Your task is to write out all of the records once more, exactly.

------ Information provided

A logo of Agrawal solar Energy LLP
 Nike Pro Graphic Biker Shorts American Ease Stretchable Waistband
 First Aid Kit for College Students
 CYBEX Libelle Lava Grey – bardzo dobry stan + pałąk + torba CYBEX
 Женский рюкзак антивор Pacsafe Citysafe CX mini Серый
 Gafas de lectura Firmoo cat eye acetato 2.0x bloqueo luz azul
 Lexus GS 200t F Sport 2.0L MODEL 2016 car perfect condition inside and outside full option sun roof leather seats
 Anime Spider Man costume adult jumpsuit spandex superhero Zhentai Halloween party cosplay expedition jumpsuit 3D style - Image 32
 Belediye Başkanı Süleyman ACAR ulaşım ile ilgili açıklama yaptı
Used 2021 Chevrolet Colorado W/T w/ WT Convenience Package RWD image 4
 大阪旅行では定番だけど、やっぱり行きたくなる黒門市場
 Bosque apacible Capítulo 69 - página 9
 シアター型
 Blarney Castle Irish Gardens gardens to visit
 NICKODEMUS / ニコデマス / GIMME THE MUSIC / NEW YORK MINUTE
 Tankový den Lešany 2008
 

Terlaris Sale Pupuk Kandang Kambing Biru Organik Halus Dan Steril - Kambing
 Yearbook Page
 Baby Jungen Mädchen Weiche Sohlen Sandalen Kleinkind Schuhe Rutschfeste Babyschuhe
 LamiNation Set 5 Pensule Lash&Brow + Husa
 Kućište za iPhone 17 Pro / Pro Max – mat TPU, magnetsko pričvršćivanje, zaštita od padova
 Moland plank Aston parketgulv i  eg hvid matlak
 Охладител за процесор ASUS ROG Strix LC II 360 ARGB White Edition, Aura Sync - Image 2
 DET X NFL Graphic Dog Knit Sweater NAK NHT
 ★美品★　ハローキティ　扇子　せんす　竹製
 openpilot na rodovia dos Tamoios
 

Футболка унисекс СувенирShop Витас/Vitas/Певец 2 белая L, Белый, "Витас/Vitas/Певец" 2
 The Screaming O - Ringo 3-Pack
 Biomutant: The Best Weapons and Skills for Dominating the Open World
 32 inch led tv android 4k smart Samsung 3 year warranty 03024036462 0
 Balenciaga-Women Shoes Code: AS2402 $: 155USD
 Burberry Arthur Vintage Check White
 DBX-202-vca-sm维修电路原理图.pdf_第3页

------------

Answer section =
A logo of Agrawal solar Energy LLP
 Nike Pro Graphic Biker Shorts American Ease Stretchable Waistband
 First Aid Kit for College Students
 CYBEX Libelle Lava Grey – bardzo dobry stan + pałąk + torba CYBEX
 Женский рюкзак антивор Pacsafe Citysafe CX mini Серый
 Gafas de lectura Firmoo cat eye acetato 2.0x bloqueo luz azul
 Lexus GS 200t F Sport 2.0L MODEL 2016 car perfect condition inside and outside full option sun roof leather seats
 Anime Spider Man costume adult jumpsuit spandex superhero Zhentai Halloween party cosplay expedition jumpsuit 3D style - Image 32
 Belediye Başkanı Süleyman ACAR ulaşım ile ilgili açıklama yaptı
Used 2021 Chevrolet Colorado W/T w/ WT Convenience Package RWD image 4
 大阪旅行では定番だけど、やっぱり行きたくなる黒門市場
 Bosque apacible Capítulo 69 - página 9
 シアター型
 Blarney Castle Irish Gardens gardens to visit
 NICKODEMUS / ニコデマス / GIMME THE MUSIC / NEW YORK MINUTE
 Tankový den Lešany 2008
 

Terlaris Sale Pupuk Kandang Kambing Biru Organik Halus Dan Steril - Kambing
 Yearbook Page
 Baby Jungen Mädchen Weiche Sohlen Sandalen Kleinkind Schuhe Rutschfeste Babyschuhe
 LamiNation Set 5 Pensule Lash&Brow + Husa
 Kućište za iPhone 17 Pro / Pro Max – mat TPU, magnetsko pričvršćivanje, zaštita od padova
 Moland plank Aston parketgulv i  eg hvid matlak
 Охладител за процесор ASUS ROG Strix LC II 360 ARGB White Edition, Aura Sync - Image 2
 DET X NFL Graphic Dog Knit Sweater NAK NHT
 ★美品★　ハローキティ　扇子　せんす　竹製
 openpilot na rodovia dos Tamoios
 

Футболка унисекс СувенирShop Витас/Vitas/Певец 2 белая L, Белый, "Витас/Vitas/Певец" 2
 The Screaming O - Ringo 3-Pack
 Biomutant: The Best Weapons and Skills for Dominating the Open World
 32 inch led tv android 4k smart Samsung 3 year warranty 03024036462 0
 Balenciaga-Women Shoes Code: AS2402 $: 155USD
 Burberry Arthur Vintage Check White
 DBX-202-vca-sm维修电路原理图.pdf_第3页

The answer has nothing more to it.